Но вдруг через какое-то время, вот уж не знаю, как далеко возлетели мои увядшие крыла, вдруг я увидела, что надо мной стоит рыдающая женщина в военной форме. Я даже не узнала, то есть это была мать, приехала. По такой телеграмме ее отпустили. Но я ее не узнала. И дальше, собственно, опять начинается некоторый промежуток… потому что как-то немножко, наверное, откачали, и когда можно было уже передвигать, то на пароходе отправили.

А город – то ли это были Набережные Челны, ну, что-то в этом роде, близко. Там я стала приходить в себя, тут уже мне старались что-нибудь дать поесть, что мне потом повредило, потому что из полной худобы, отсутствующей плоти… Но это мне, а там была собака голодная, Аза, и я старалась ее покормить, уже я хорошо понимала.

Не вставая с колен день и ночь





Но самое поразительное – это комната, которую сняли, то есть это был угол, часть комнаты, часть избы. И хозяйка, она поразила меня, поразила. Я помню, потом все ее как-то или видела, или пыталась нарисовать. Это была совершенно испепеленная, худая женщина, вся в черном. Конечно, у нее кто-то… Она с нами не говорила никогда и относилась с каким-то презрением, словно потому, что мы живые, хоть мать и говорила:

– Да у меня вот дочь болела.

Ей было все совершенно или безразлично, или противно, она все время непрестанно молилась, перед ней была икона. Не вставая с колен день и ночь, день и ночь, день и ночь, она молилась. И я так любила ее, так сочувствовала ей. Я понимала, что, может быть, она молит за того, за кого можно молиться, чтобы спасти его, но по всему ее выражению, ее соотношению с этой иконой, по тому, что она вообще не поднималась с колен никогда. Я по такому исступленному ее лицу поняла – наверное, тот, о котором она так убивалась, не вернулся, его уже не было.
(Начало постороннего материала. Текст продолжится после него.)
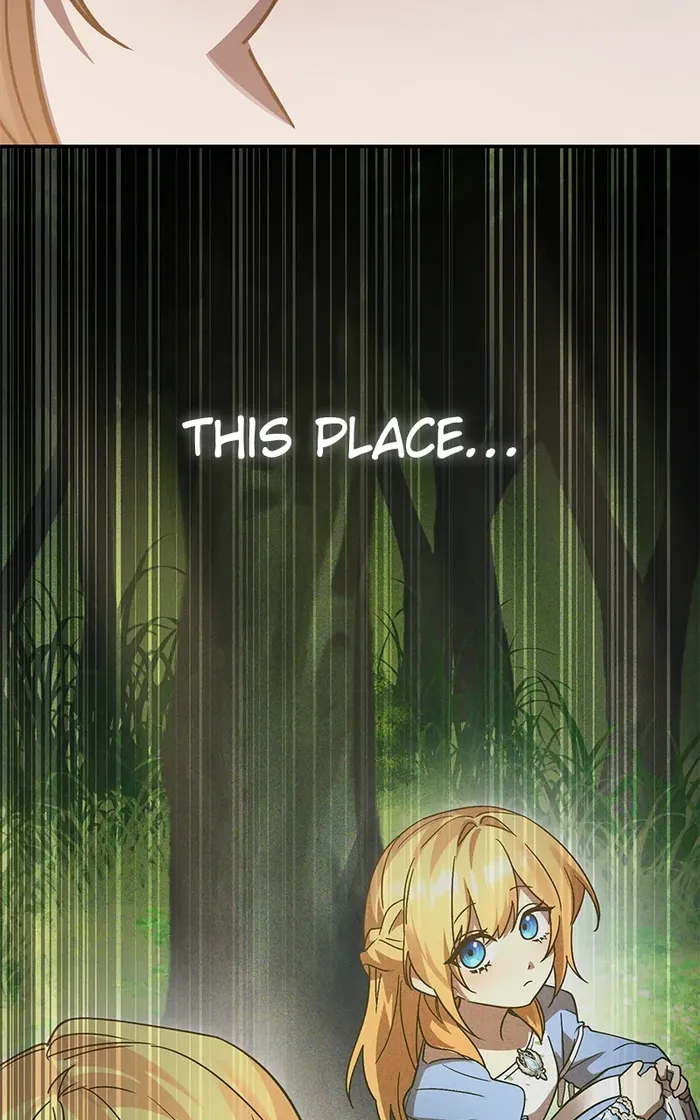Page 59 of Chapter 74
А тут постепенно кончалось эвакуационное время. Но я страшно жалела и любила эту женщину, а мать, конечно, она была против, сказала:

– Всё молитвы эти, всё молитвы.

Ее это раздражало, а я же нарисовала. У меня было два карандаша – черный, желтый, и я рисовала эту женщину. И получилась целая икона на листе бумаги, я держала ее под подушкой. Мать, когда увидела, ужаснулась:

– Что с тобой?

А я:

– Да нет, ничего…

Я испугалась.

Ну а потом опять какой-то переплыв через реку, а потом уже смотрю, – везут на тележке, на которой теперь продукты возят. Везут меня, бабушка тащится, уже Москва, вот вам и Ильинский сквер.

Кто хороший – те хорошие

Уже был сорок четвертый год, осенью мне предстояло идти в школу. Когда я в первый раз шла в школу, я помню девочку, которая со мной шла, – Рита Шрайдер, она была еврейка, ее семья была очень хорошая. Такие старые еврейские люди. Запомнились именно дедушка и бабушка, они учили так, говорили, мне с ними хорошо было. И конечно, и любили.

Ну, никакая дурь мне в голову никогда не западала, хотя…

А дворник огромный, который тут же был, вдруг говорит:

– Постой, вот ты хорошая девчонка, но что твои родителя тебя еврейским именем испортили?